The Parallel.ForEach
method is not well suited for I/O-bound operations, because it requires a thread for each parallel workflow, and threads are not cheap resources. You can make it work by increasing the number of threads that the ThreadPool
creates immediately on demand, with the SetMinThreads
method, but that's not as efficient as using asynchronous programming and async/await. With asynchronous programming a thread is not required while the file is downloaded, or while the file is saved in the disc, so it is possible to download dozens of files concurrently using only a handful of threads.
Using the Partitioner
for creating ranges is a useful technique when parallelizing extremely granular (lightweight) workloads, like adding or comparing numbers. In your case the workload is quite coarse (chunky), so using ranges is more likely to slow things down than speed them up. Using ranges prevents balancing the workload, in case some files take longer to download than others.

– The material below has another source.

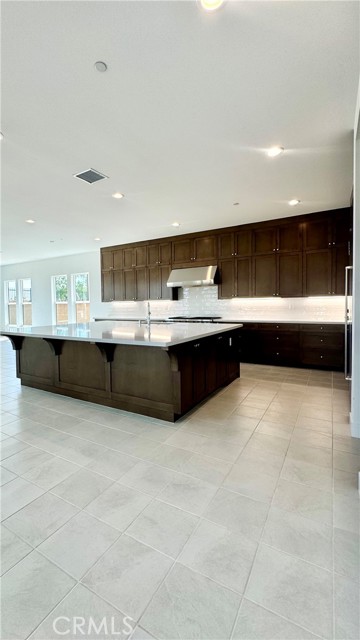 Detail Gallery Image 4 of 9 For 20568 Edgewood Ct, Chatsworth,  CA 91311 - 5 Beds | 6 Baths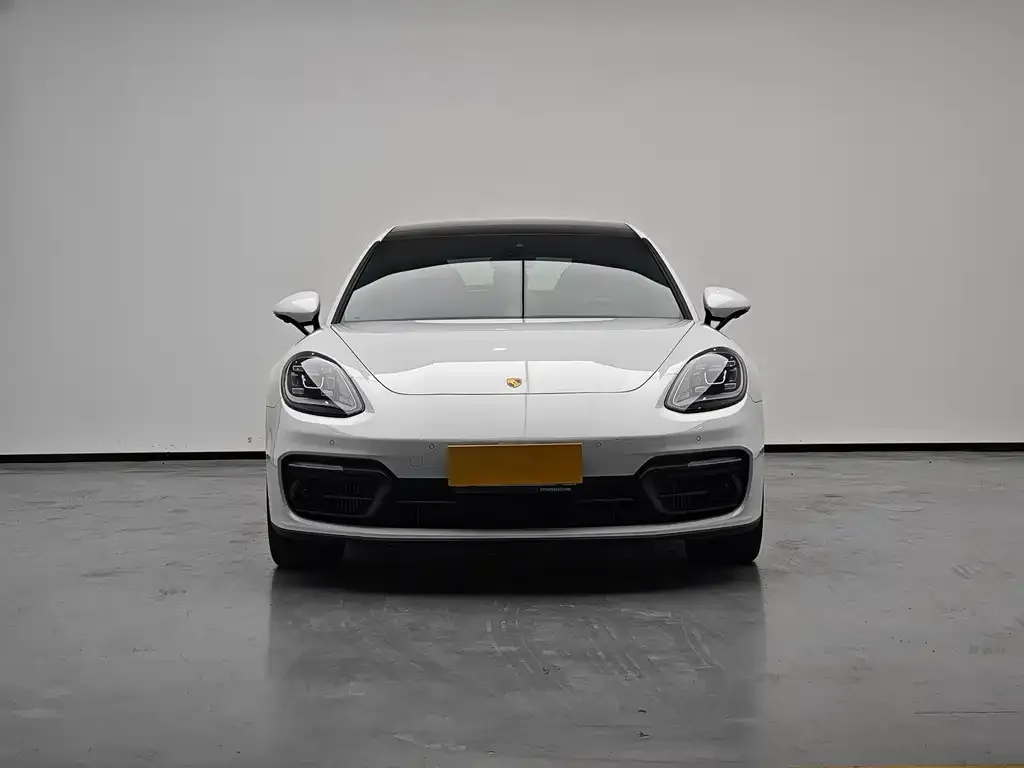 Porsche Panamera — фото 10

My suggestion is to use the Parallel.ForEachAsync
method (introduced in .NET 6), which is designed specifically for parallelizing asynchronous I/O operations. Here is how you can use this method in order to download the files in parallel, with a specific degree of parallelism, and cancellation support:
private static readonly string _baseUrlPattern =
"http://url.com/Handlers/Image.ashx?imageid={0}&type=image";
private static readonly HttpClient _httpClient = new HttpClient();
internal static void DownloadAllMissingPictures(
IEnumerable<ListObject> imagesToDownload, string imageFolderPath,
CancellationToken cancellationToken = default)
{
var parallelOptions = new ParallelOptions()
{
MaxDegreeOfParallelism = 10,
CancellationToken = cancellationToken,
};
Parallel.ForEachAsync(imagesToDownload, parallelOptions, async (image, ct) =>
{
string imageId = image.ImageId;
string url = String.Format(_baseUrlPattern, imageId);
string filePath = Path.Combine(imageFolderPath, imageId);
using HttpResponseMessage response = await _httpClient.GetAsync(url, ct);
response.EnsureSuccessStatusCode();
using FileStream fileStream = File.OpenWrite(filePath);
await response.Content.CopyToAsync(fileStream);
}).Wait();
}
The Parallel.ForEachAsync
method returns a Task
. It's recommended that Task
s are await
ed, but taking into account that you are probably not familiar with asynchronous programming yet, let's just Wait
it instead for the time being.
In case the implementation above does not improve the performance of the whole procedure, you could experiment with the MaxDegreeOfParallelism
configuration, and also with the settings mentioned in this question: How to increase the outgoing HTTP requests quota in .NET Core?